Com a investida de Salles contra o ICMBio, poucos dias depois, o presidente do órgão, Adalberto Eberhard, pediu demissão do órgão.

Quer rever unidades de conservação

Em maio deste ano, reportagem do jornal Estadão apontou que Salles pretende rever as 334 unidades de conservação que existem atualmente no Brasil.

Em entrevista, o ministro disse que quase 190 unidades de conservação teriam sido criadas pelos governos petistas “sem nenhum tipo de critério técnico”. A consequência, afirmou Salles, é que hoje elas “acumulam passivos de indenização e conflitos fundiários”. “Vamos acabar com isso”, disse.

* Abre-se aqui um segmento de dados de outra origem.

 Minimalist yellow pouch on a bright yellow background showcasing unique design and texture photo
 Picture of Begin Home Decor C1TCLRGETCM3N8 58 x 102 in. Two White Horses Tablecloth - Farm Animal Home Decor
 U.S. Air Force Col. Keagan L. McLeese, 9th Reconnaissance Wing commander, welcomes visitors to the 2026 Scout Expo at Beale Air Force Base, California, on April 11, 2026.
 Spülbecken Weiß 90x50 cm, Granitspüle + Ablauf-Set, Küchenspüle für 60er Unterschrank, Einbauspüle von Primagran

Gerou a demissão do diretor do Inpe e quebrou o Fundo Amazônia

Diante da divulgação dos dados que mostram que o desmatamento na Amazônia havia crescido 278% em julho de 2019, em comparação ao mesmo período de 2018, Salles, em consonância com o presidente, articulou a demissão do diretor do Instituto Nacional de Pesquisas Especiais (Inpe), Ricardo Galvão. O governo afirma que os dados são mentirosos.

A demissão de Galvão e a postura de Salles frente ao Ministério do Meio Ambiente fez com que a Alemanha e a Noruega decidissem suspender o repasse de R$ 288 milhões para o Fundo Amazônia destinados a projetos de preservação ambiental.

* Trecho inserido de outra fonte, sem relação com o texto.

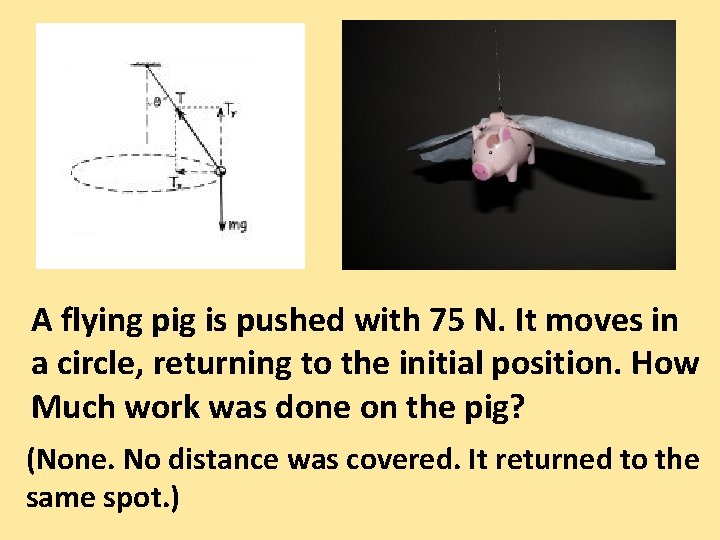 A flying pig is pushed with 75 N. It moves in a circle, returning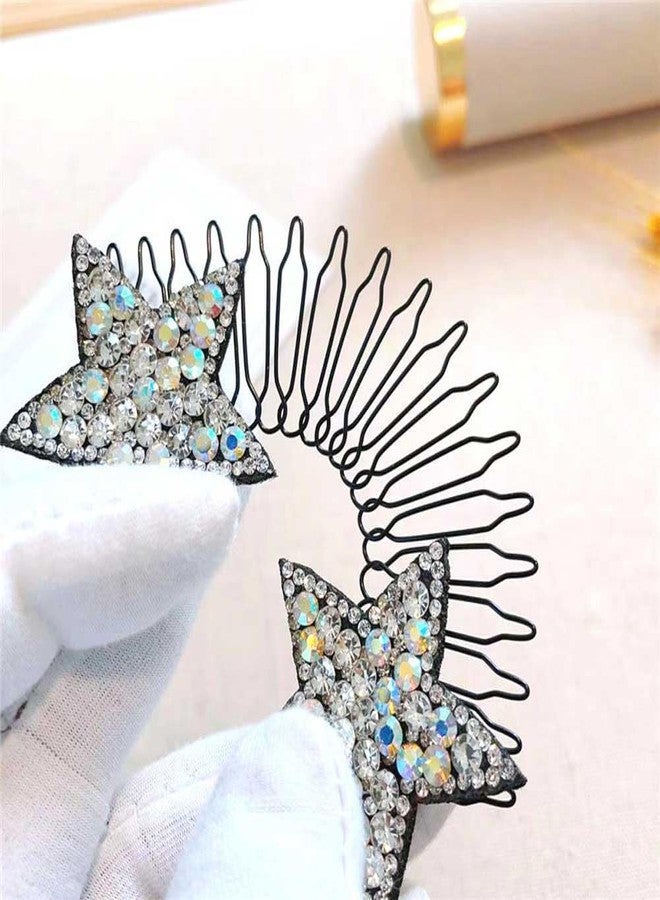 Teensery 5 Pcs Invisible Hair Clips Combs Rhinestone Star Hair Finishing Fixer Combs Stretchable Hair Comb Pins Hair Styling Accessories for Women and Girls - Image 4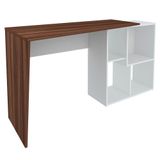 Mesa Escrivaninha 2 Em 1 Com Nichos Arbo A06 Ipê/branco - Mpozenato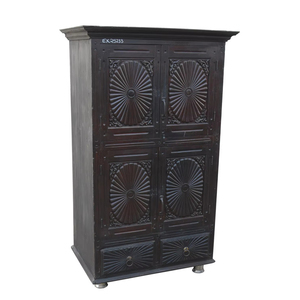 Haswani Handicrafts Premium Hand Carved Solid Wooden Almirah Vintage Traditional <b>Storage</b> Design - Product Image 1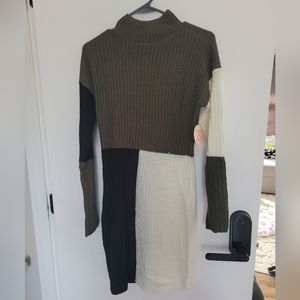 Full Circle Trends Colorblock Sweater Dress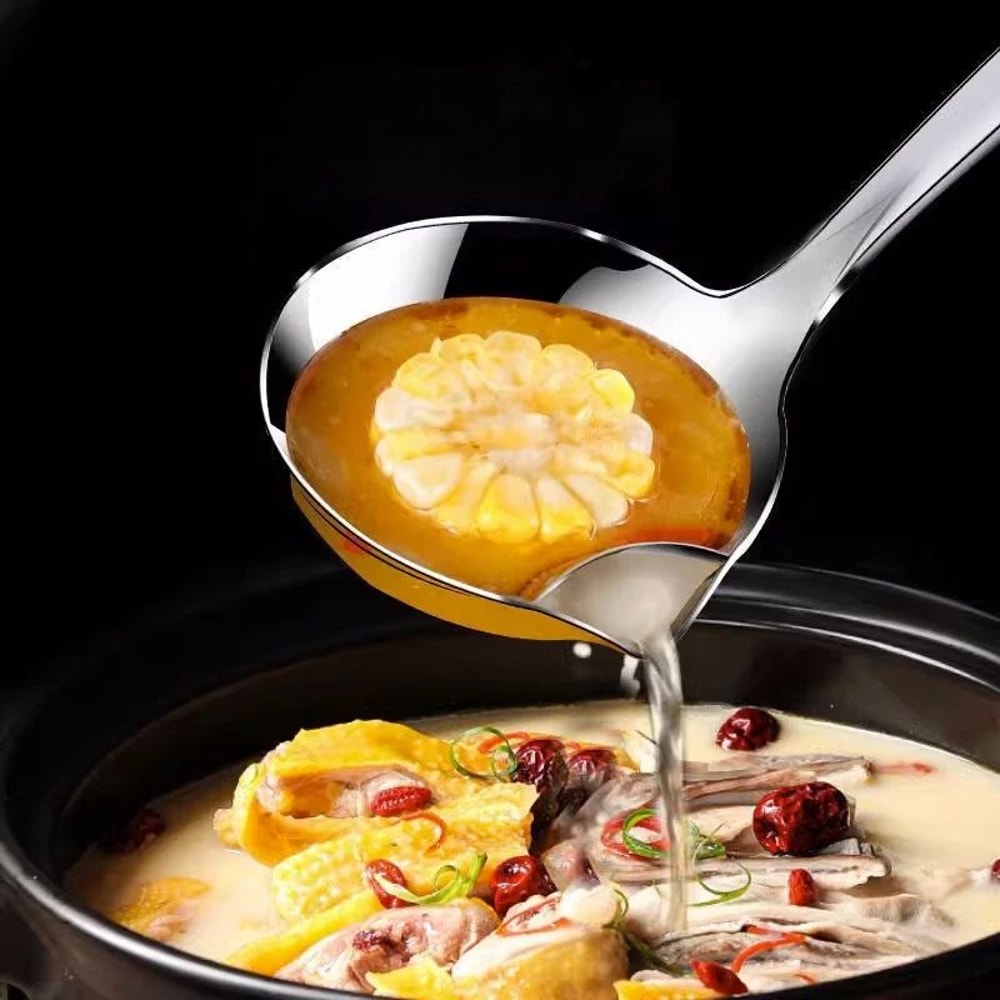 Stainless Steel Soup Oil Separator Colander Spoon Long Handle Grease Skimmer Ladle For Hot Pot Bro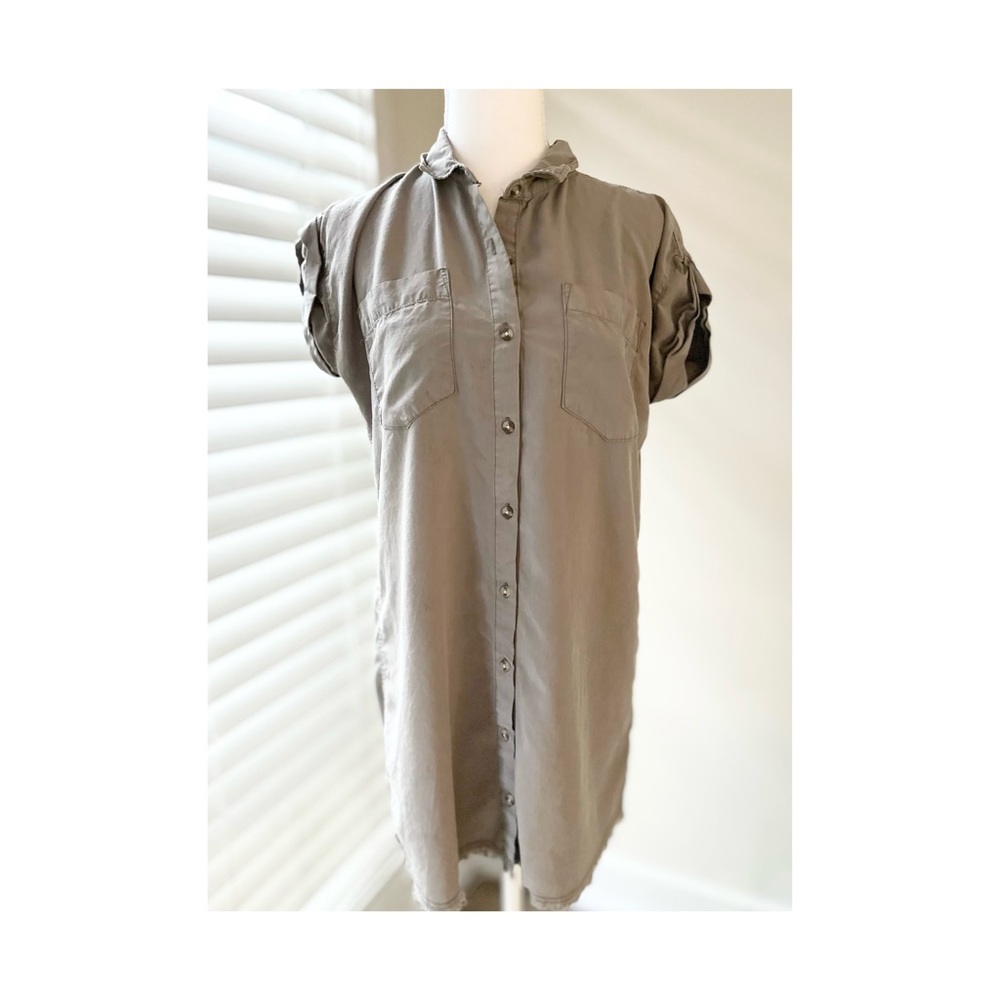 Thread & Supply Taupe Casual Shirt Dress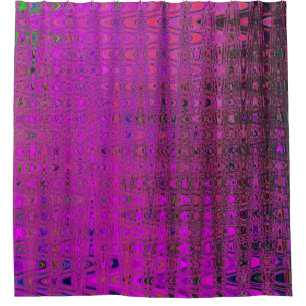 Rideaux De Douche Vagues de Boomerang Rétro Magenta Abstraites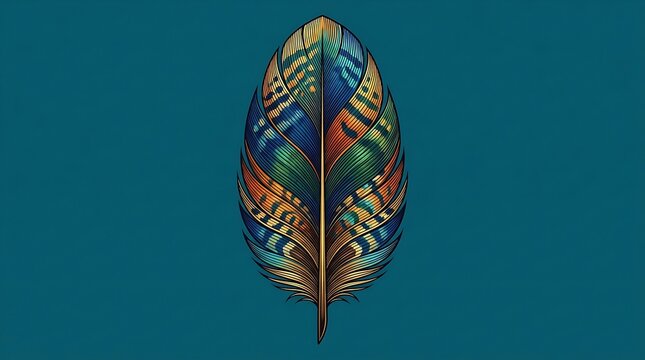 Vibrant stylized bird feather illustration on dark teal background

Quer privatizar monitoramento do desmatamento na Amazônia

Antes da demissão do diretor do Inpe, incomodado com os números sobre desmatamento, Salles informou que pretende privatizar o monitoramento da Amazônia, até então feito pelo Inpe, que é um órgão reconhecido internacionalmente.

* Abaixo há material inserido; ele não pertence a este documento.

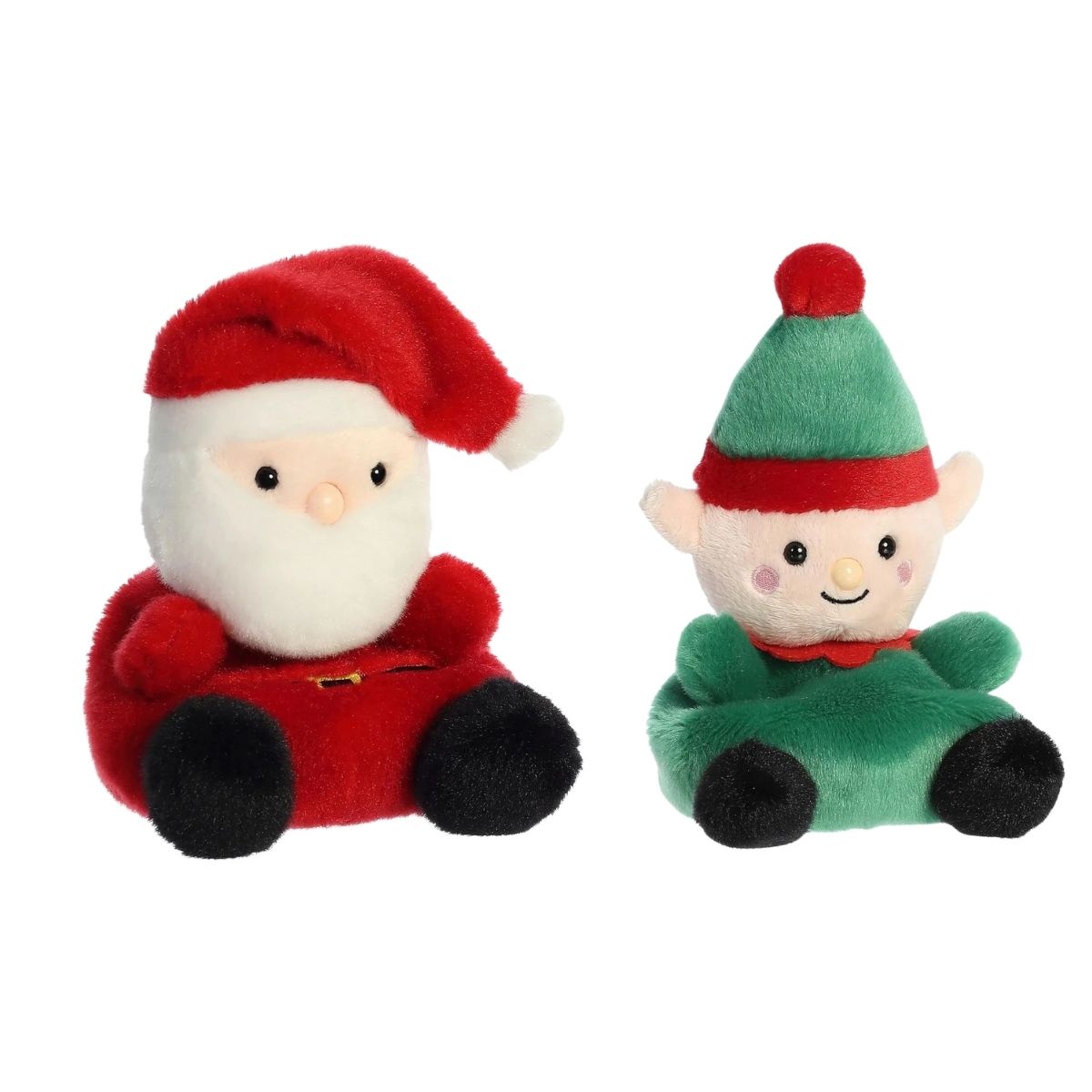 Aurora® Palm Pals™ Christmas Duo 5" Inch Plush Set, Santa Claus & Jolly Elf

A ideia do ministro seria trocar o monitoramento de desmatamento do Inpe pelo da empresa paulista de geoprocessamento Santiago & Cintra, que neste ano já esteve ao menos duas vezes no ministério para tratar do assunto.

Tentou processar a Fórum e perdeu

Em junho, Tribunal de Justiça (TJ) manteve decisão da juíza Daniela Dejuste de Paula, titular da 30ª Vara Cível do Foro Central de São Paulo, em primeira instância, e deu ganho de causa à Revista Fórum em ação judicial movida por Salles.

“Basicamente, ele alegou que esses veículos teriam divulgado matérias inverídicas e difamatórias a respeito dele. Mas, na verdade, são reportagens que tratavam da atuação dele na época em que era secretário do Meio Ambiente do estado de São Paulo, na gestão de Geraldo Alckmin (PSDB)”, explica Gabriel Borges, advogado que representou a Fórum, ao lado de André Rota Sena, ambos do escritório Santo, Borges, Sena Sociedade de Advogados.